Saturday, March 08, 2014

Review: Dragonhaven


Dragonhaven
Dragonhaven by Robin McKinley

My rating: 3 of 5 stars



Three and a half stars. At first I was blown away by how different it was from all the other McKinley I've read; it's modern-day instead of fairytale and the protagonist is male! I felt a bit as though I had started reading a Percy Jackson novel, which is fine in its own way, but not at all what I'd been expecting. However, as the story progressed, I noticed familiar elements: the main character spent a lot of time in a state of muzzy-headed confusion, and much of what was going on was inexplicable and not fully described, leaving a strong impression of that sense of narrow focus and confusion. McKinley does that bit oh-so/too-well on a regular basis, and I tend to think of it as her slightly-annoying-but-eerily-evocative trademark. Once I twigged on that, it occurred to me that the speech pattern actually was the same one I'd noticed over and over in McKinley's fairytales, only the language was updated a bit.

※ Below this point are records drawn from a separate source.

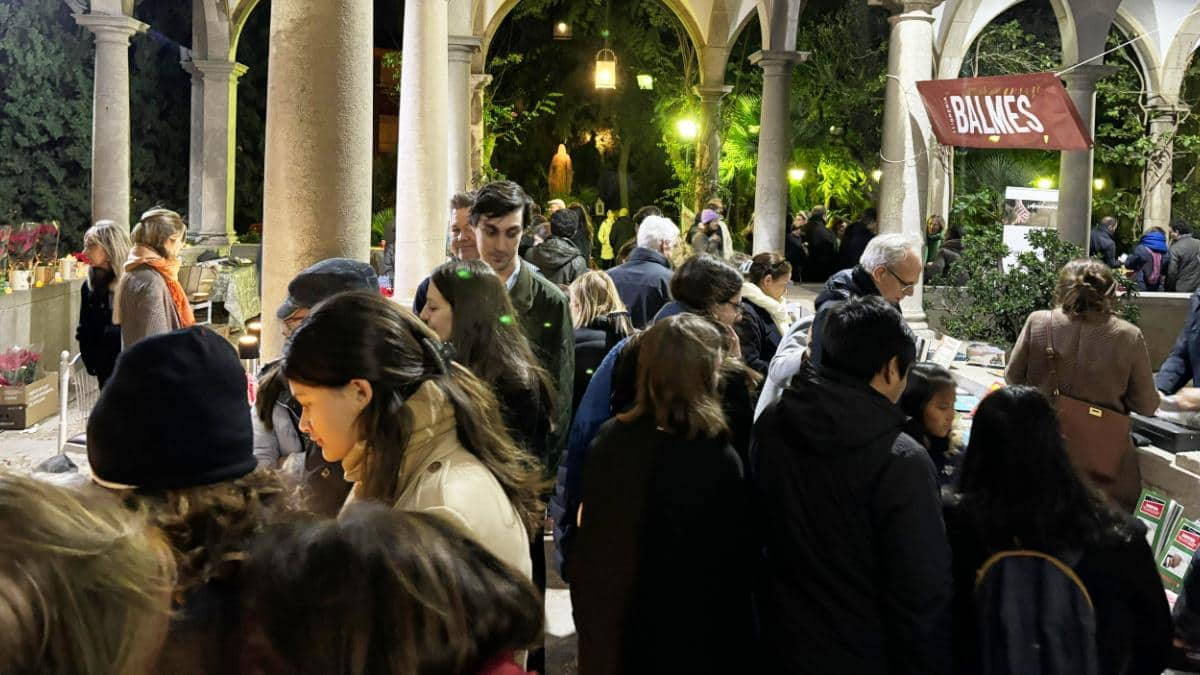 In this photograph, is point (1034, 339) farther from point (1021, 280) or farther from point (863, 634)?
point (1021, 280)

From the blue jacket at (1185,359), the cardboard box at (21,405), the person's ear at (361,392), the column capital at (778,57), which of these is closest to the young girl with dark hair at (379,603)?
the person's ear at (361,392)

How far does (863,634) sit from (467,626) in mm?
1822

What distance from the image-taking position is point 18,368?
8.60 m

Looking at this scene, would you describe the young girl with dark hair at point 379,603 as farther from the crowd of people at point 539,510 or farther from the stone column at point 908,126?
the stone column at point 908,126

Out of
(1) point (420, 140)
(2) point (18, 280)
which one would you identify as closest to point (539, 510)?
(1) point (420, 140)

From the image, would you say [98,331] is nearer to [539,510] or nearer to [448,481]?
[539,510]

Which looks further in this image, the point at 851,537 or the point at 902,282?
the point at 902,282

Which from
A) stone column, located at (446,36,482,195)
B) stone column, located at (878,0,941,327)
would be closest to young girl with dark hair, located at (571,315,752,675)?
stone column, located at (878,0,941,327)

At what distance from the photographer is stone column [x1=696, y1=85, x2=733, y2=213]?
70.4 ft

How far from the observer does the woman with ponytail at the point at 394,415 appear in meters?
2.10

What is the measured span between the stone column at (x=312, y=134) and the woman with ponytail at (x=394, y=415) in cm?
277

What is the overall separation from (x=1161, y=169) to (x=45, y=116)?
23.0 m

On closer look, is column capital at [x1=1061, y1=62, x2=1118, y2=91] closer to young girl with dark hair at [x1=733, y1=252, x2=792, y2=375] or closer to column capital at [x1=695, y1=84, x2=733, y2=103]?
young girl with dark hair at [x1=733, y1=252, x2=792, y2=375]

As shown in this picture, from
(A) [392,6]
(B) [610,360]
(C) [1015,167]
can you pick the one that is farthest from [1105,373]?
(A) [392,6] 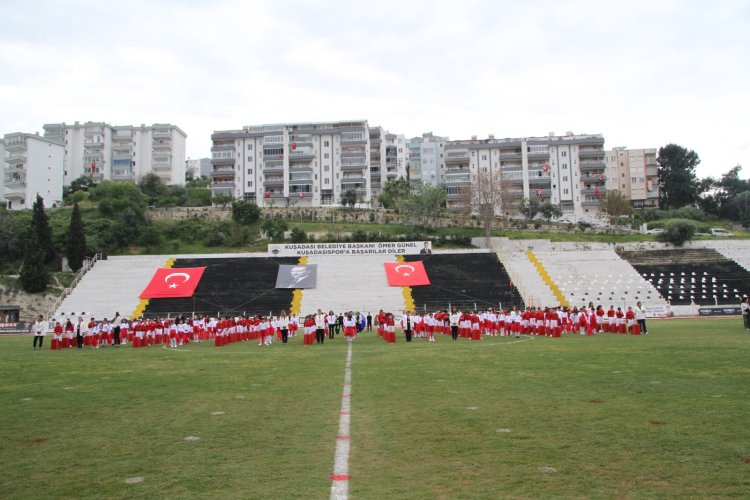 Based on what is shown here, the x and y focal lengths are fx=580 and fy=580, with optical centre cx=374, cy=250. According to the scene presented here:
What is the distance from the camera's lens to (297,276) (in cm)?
5091

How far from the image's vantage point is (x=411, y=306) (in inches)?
1726

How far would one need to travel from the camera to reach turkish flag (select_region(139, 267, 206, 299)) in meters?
46.8

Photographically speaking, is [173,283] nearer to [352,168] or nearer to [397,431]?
[397,431]

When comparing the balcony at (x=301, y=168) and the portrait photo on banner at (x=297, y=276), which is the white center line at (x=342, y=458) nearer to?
the portrait photo on banner at (x=297, y=276)

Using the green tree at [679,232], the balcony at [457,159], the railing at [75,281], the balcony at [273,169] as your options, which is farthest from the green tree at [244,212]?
the green tree at [679,232]

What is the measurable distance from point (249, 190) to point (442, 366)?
267 feet

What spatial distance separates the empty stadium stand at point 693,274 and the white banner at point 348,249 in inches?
797

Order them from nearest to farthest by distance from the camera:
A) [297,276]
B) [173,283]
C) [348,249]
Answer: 1. [173,283]
2. [297,276]
3. [348,249]

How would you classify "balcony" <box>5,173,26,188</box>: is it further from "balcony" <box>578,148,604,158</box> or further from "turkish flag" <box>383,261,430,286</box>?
"balcony" <box>578,148,604,158</box>

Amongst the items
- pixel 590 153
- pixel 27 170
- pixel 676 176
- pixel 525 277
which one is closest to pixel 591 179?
pixel 590 153

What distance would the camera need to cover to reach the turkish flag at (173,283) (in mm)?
46781

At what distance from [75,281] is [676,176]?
89.2 metres

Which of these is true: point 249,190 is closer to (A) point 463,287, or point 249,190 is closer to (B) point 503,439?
(A) point 463,287

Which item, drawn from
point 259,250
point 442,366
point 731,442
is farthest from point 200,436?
point 259,250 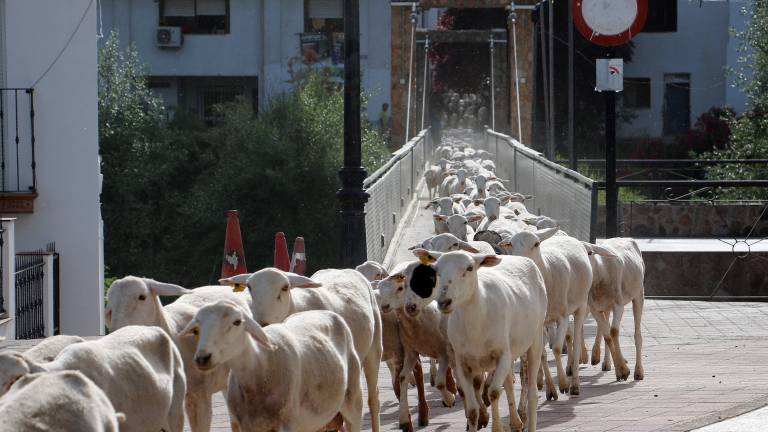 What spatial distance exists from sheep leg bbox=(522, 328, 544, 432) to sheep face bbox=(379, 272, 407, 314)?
3.39 ft

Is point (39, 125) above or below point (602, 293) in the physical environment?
above

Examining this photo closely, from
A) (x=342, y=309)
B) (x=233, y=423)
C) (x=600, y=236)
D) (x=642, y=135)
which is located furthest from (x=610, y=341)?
(x=642, y=135)

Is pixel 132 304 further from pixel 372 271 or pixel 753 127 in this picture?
pixel 753 127

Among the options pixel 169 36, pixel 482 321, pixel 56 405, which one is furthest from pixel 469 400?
pixel 169 36

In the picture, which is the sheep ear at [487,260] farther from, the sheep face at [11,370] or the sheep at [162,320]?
the sheep face at [11,370]

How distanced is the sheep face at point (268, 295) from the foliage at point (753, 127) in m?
25.7

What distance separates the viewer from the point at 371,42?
174 feet

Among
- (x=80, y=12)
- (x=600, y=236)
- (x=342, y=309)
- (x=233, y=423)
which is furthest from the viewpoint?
(x=600, y=236)

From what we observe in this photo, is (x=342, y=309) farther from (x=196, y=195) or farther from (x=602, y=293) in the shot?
(x=196, y=195)

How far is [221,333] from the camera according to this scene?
686 cm

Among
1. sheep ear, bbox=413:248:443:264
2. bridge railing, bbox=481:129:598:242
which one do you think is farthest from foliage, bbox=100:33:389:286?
sheep ear, bbox=413:248:443:264

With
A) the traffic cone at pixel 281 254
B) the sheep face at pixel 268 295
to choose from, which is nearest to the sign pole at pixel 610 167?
the traffic cone at pixel 281 254

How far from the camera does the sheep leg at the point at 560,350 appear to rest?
1150 centimetres

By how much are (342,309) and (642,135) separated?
48.6 meters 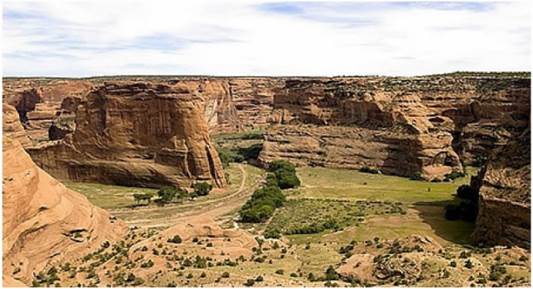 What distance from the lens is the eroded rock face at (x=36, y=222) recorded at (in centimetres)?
2767

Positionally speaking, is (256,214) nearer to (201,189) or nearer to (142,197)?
(201,189)

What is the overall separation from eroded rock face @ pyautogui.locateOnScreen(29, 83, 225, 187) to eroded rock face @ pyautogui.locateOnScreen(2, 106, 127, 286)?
28.5 meters

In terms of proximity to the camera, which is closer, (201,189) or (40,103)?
(201,189)

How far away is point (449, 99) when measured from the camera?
89.6 metres

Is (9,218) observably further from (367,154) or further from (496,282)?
(367,154)

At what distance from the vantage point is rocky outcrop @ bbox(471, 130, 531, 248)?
37.3 meters

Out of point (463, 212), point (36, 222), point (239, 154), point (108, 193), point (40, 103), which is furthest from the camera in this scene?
point (40, 103)

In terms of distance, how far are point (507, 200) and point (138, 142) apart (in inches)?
1515

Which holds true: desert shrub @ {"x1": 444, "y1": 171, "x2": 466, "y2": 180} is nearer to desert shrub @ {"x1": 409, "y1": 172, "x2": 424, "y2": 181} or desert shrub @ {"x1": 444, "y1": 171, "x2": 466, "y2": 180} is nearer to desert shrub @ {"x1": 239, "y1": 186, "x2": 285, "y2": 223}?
desert shrub @ {"x1": 409, "y1": 172, "x2": 424, "y2": 181}

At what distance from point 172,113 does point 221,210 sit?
13.5 meters

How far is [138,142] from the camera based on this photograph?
212ft

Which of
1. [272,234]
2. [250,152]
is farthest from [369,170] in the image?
[272,234]

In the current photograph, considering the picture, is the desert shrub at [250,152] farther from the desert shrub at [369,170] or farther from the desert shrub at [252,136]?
the desert shrub at [252,136]

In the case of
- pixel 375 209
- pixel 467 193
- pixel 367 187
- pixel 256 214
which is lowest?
pixel 367 187
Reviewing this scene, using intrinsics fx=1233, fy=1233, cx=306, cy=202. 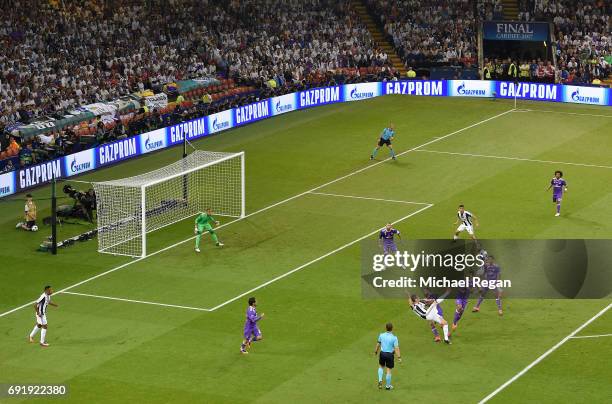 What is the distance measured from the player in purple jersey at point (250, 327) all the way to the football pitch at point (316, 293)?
1.28 ft

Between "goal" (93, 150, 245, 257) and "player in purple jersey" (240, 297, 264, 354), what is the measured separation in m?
10.2

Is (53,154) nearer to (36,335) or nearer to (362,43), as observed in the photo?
(36,335)

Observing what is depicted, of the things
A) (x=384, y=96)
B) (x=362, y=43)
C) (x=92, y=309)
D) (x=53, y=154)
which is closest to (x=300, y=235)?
(x=92, y=309)

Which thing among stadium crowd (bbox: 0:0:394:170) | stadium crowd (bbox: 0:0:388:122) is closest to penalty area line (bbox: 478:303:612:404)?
stadium crowd (bbox: 0:0:394:170)

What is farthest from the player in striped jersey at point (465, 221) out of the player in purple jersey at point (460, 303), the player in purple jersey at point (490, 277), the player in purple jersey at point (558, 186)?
the player in purple jersey at point (460, 303)

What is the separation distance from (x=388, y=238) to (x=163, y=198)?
11.3m

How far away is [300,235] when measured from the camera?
4512 centimetres

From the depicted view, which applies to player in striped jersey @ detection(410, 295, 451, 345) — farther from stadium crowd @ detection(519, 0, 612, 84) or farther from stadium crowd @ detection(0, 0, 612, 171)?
stadium crowd @ detection(519, 0, 612, 84)

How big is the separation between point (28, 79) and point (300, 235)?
21.6 m

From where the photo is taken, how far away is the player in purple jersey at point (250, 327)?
32.8 metres

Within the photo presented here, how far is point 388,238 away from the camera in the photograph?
40844mm

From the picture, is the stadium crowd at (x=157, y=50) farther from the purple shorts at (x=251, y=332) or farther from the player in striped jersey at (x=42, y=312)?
the purple shorts at (x=251, y=332)

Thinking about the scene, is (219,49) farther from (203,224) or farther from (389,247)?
(389,247)

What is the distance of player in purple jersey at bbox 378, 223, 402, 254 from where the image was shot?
40688 mm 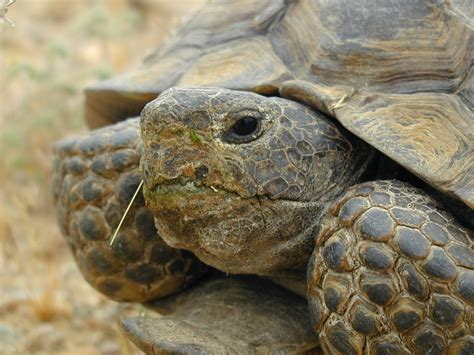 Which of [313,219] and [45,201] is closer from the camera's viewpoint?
[313,219]

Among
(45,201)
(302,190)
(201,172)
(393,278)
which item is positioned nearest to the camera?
(393,278)

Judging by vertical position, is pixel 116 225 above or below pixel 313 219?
below

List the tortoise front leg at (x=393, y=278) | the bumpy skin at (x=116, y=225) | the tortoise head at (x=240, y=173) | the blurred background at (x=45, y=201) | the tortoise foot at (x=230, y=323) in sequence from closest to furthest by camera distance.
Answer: the tortoise front leg at (x=393, y=278) < the tortoise head at (x=240, y=173) < the tortoise foot at (x=230, y=323) < the bumpy skin at (x=116, y=225) < the blurred background at (x=45, y=201)

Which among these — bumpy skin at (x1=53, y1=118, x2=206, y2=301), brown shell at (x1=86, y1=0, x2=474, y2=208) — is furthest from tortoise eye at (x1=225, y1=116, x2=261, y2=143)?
bumpy skin at (x1=53, y1=118, x2=206, y2=301)

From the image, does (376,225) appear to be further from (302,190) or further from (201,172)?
(201,172)

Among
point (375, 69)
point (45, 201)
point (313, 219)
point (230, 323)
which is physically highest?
point (375, 69)

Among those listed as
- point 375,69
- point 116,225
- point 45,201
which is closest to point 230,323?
point 116,225

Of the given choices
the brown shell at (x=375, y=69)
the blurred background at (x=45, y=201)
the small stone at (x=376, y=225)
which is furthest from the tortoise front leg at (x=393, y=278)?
the blurred background at (x=45, y=201)

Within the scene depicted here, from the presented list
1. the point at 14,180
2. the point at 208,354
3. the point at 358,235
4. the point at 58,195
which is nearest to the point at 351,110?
the point at 358,235

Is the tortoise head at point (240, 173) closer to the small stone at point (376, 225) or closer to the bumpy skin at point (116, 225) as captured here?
the small stone at point (376, 225) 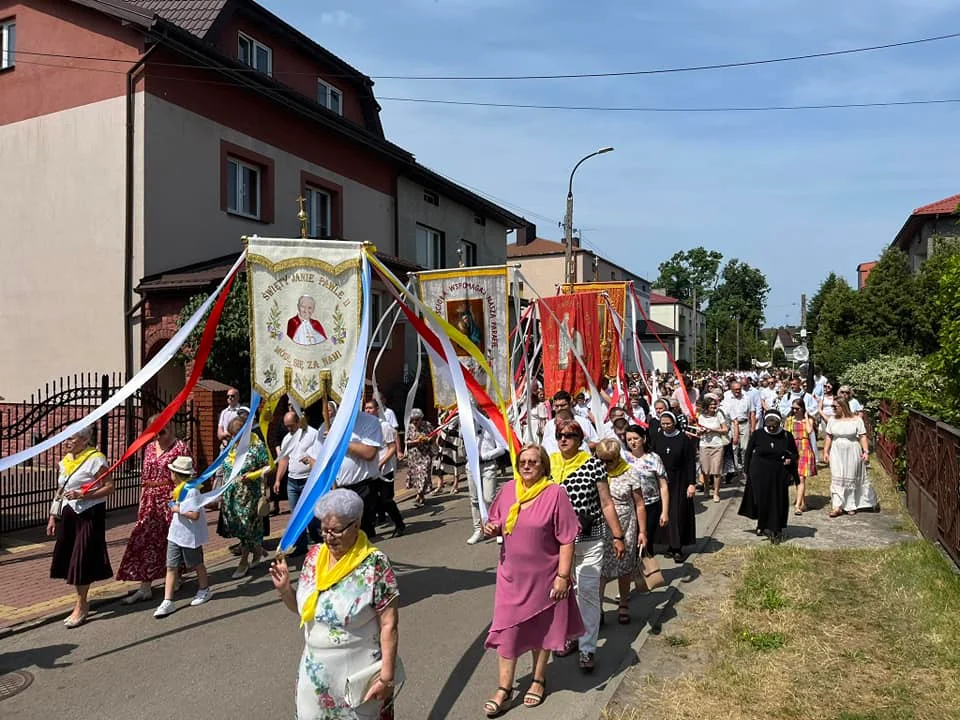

True to a good McKinley read, it did suck me into its world and make me irritated when I had to leave it to attend to the rest of the universe. I would have liked a chance to explore the world a bit more, but probably the pace would have dragged if more time had been spent in explicit exploration, and I could tell that it was a choice to drop the reader into the middle of the action and have the narrator assume a common background which doesn't really exist, slowly filling in the gaps later. The technique hooked me in as it was meant to do, but it leaves a bit of an unsatisfied itch. Cool concept for the world.

I want to hear Eleanor's story, maybe in the form of her post-presidential memoirs. I'm done with Jake.